* [Task to carry out] The output is a word-for-word repeat of the listing below, free of images.

+++ Recorded information

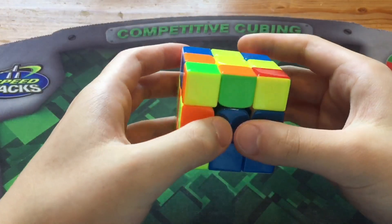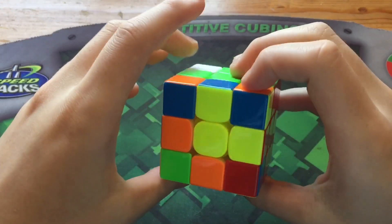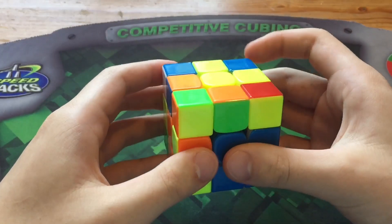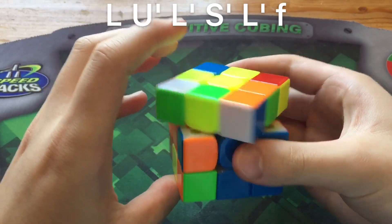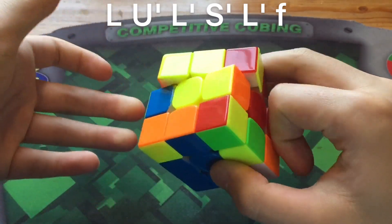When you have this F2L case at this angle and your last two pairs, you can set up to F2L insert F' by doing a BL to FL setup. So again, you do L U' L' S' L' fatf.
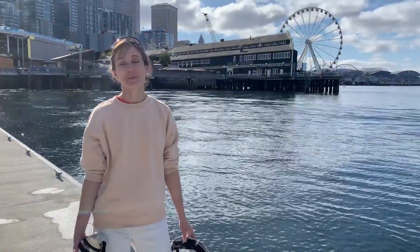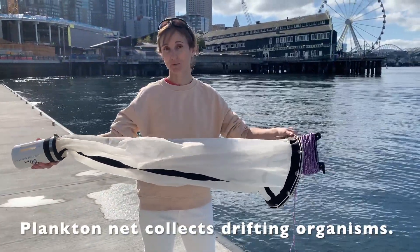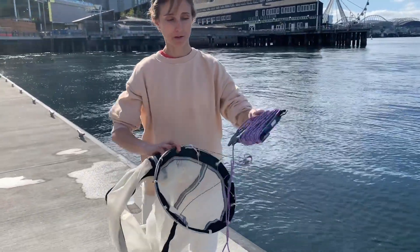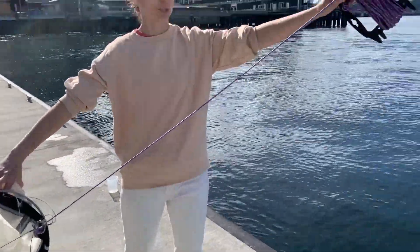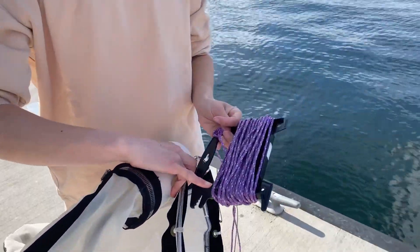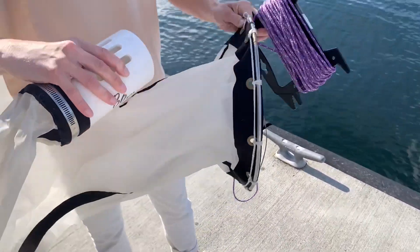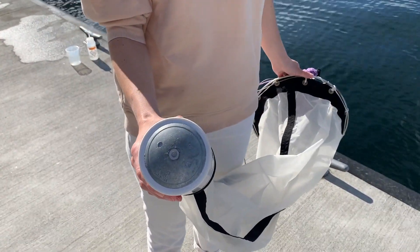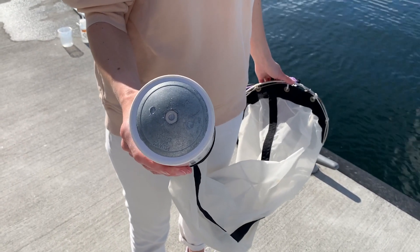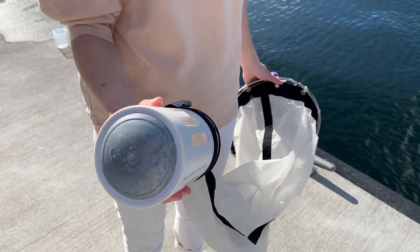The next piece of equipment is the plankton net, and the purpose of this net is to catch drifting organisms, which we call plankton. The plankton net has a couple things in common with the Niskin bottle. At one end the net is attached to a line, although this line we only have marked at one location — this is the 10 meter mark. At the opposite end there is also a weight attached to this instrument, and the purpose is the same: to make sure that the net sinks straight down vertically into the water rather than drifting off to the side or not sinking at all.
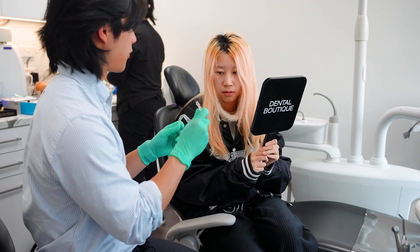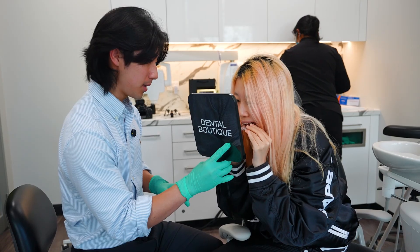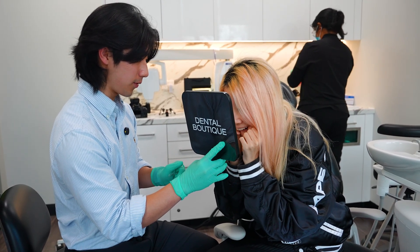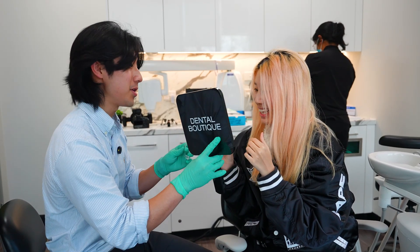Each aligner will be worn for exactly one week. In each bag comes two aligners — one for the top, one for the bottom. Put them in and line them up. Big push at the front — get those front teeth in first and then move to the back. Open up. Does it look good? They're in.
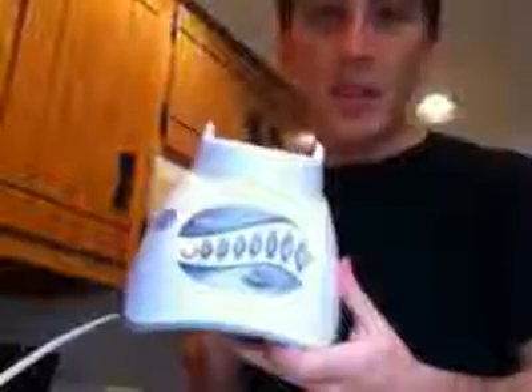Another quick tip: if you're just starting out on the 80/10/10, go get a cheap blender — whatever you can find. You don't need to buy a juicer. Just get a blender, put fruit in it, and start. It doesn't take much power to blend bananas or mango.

++++++

* [Task solution]
When you have this F2L case at this angle and your last two pairs, you can set up to F2L insert F' by doing a BL to FL setup. So again, you do L U' L' S' L' fatf.
The next piece of equipment is the plankton net, and the purpose of this net is to catch drifting organisms, which we call plankton. The plankton net has a couple things in common with the Niskin bottle. At one end the net is attached to a line, although this line we only have marked at one location — this is the 10 meter mark. At the opposite end there is also a weight attached to this instrument, and the purpose is the same: to make sure that the net sinks straight down vertically into the water rather than drifting off to the side or not sinking at all.
Each aligner will be worn for exactly one week. In each bag comes two aligners — one for the top, one for the bottom. Put them in and line them up. Big push at the front — get those front teeth in first and then move to the back. Open up. Does it look good? They're in.
Another quick tip: if you're just starting out on the 80/10/10, go get a cheap blender — whatever you can find. You don't need to buy a juicer. Just get a blender, put fruit in it, and start. It doesn't take much power to blend bananas or mango.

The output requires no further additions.